Archangel's Sun (Guild Hunter #13)(76)



“I’ve dispatched scouts.” His second’s voice was grim, the pale green of his eyes on the carnage. “Did you notice how fresh these ones were?” When Tzadiq, his shoulders broad and his body as big as Titus’s, landed beside the pile, Titus followed suit. “Look at their bodies, the lack of rot.”

Tzadiq was right; beneath the greenish tinge that began at the moment of transition, these reborn boasted pink and brown and black hues of flesh ordinary among living people. Some of their wounds bled as much red as green-black.

He and his squadrons could keep killing wave after wave of reborn but if the creatures were multiplying this rapidly, he’d lose half the people in his territory before they were done. Yet what other way was there?

“How are we on overall troop numbers?”

“We haven’t taken any losses today, but our people are exhausted.” Tzadiq’s tone was brutally honest. “We’re going to start making more and more mistakes in the coming days.”

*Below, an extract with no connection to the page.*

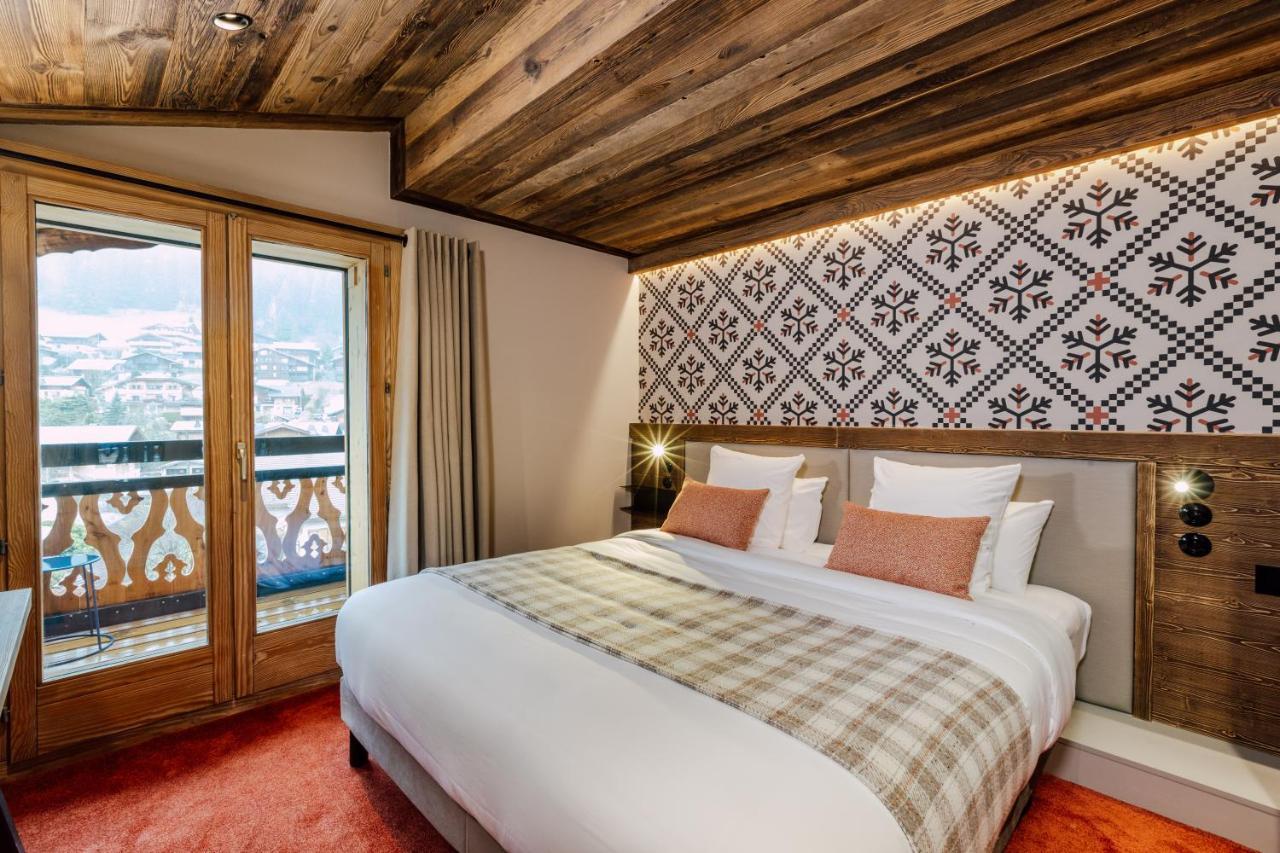 Hotel Neve มอร์ซีน ภายนอก รูปภาพ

Titus had known that, but it was still hard to hear it laid out so clearly. As he considered all possible options on how to rest his troops, his eye fell on the crossbow bolt embedded in the eye of a reborn creature, the reborn’s head long separated from its body. On the shaft of the bolt was a symbol—a small gold G in a circle.

“How bad is the Guild’s situation?” The African complement of the Hunters Guild, those mortals born—or trained—to hunt rogue vampires, had sided with Titus and fought with his army. As a result, they’d also taken heavy losses.

“Not as bad as we first expected.” Dirt streaked Tzadiq’s pale skin and clean-shaven head, but it wasn’t as bad as it could’ve been—at least he’d mostly escaped being covered with reborn fluids. “They’re at seventy percent capacity, and of those, twenty percent are badly wounded and still recovering.”

That meant that—aside from a small number running things at the top—fifty percent of the Guild was currently fighting the reborn on the ground while Titus’s angels fought from the air. It struck him that the hunters, all of whom were trained in tracking techniques and used to working alone, were a resource he could use far more wisely.

“Clean up here,” he told his second, for the majority of reborn had scuttled into their holes under the bright light of day. “I need to speak to Njal.”

“He’s at Guild HQ today,” Tzadiq said.

“One day, you’ll have to tell me how you know everything that happens in Narja.”

“Tentacles, sire.” Dry words, his expression without apparent humor. “I have tentacles in every nook and cranny and blood den.”

Titus slapped his second on the shoulder—Tzadiq was one of the few people who could not only take his full strength, but who could give it back in equal measure. There was a reason they’d been sparring partners for centuries. “Your archangel thanks you for your diligence.”

That was when Tzadiq’s face cracked a smile and so did Titus’s. Because before sire and second, they were friends and had been for over a millennium and a half. Titus had known Tzadiq before his second met Tanae, before the two had a son. Titus didn’t understand the relationship Tzadiq and Tanae had with each other, and with their warrior offspring, but as his second and his troop trainer, they were faultless in their dedication.

Leaving Tzadiq to his task, Titus made his way to Guild HQ, which was near the edge of Narja, and thus closer to him at this moment than his own citadel. Situated in an old stone fortress, it had a flat roof that allowed for an easy landing. The head of the Guild, the tight black curls of his hair buzzed close to his skull and his beard equally neat and precise, was there waiting to meet him, some scout having no doubt sighted his approach and guessed his destination.

“Archangel Titus.” He bowed, a tall and slender man dressed in worn brown fighting leathers with a sword strapped to one thigh and a heavy knife on the other—but despite the bow, there was no sense of obsequiousness to him.

The bow Njal used was one Titus might receive from one of his generals.

Some might say the mortal was being presumptuous in acting as if he had so high a status, but hunters chose strong people for their leaders, and Titus appreciated them for it. He could speak to Njal as a warrior and know his bluntness would be reciprocated.

“Is there a problem?” the other man asked after rising from his bow, the golden brown of his eyes piercing against the blue-black hue of his skin.

“No.” Titus laid out what he wished for the hunters to do. “Your hunters are an asset I wouldn’t lose. Tell me if this is a risk too great.”

“You don’t want them to attack the reborn, just to track and pinpoint nests so that angels can strike from the air to eliminate entire nests in one blow?”

Titus nodded. “Should they come across lone reborn, they can feel free to eliminate the reborn—as long as such contact doesn’t present a danger to their own lives. At present, I’m less in need of ground fighters, and more in need of information.” Not many archangels would speak to a Guild Hunter with such openness, but Njal had fought beside Titus on the battlefield, resolute and tireless.

Titus knew that despite his attempts to stay distant from mortal friendships, Njal was a man he’d miss when the hunter passed from this world. “I need to use my resources more strategically.” Else, the reborn would keep feeding on the people of his land, decimating it.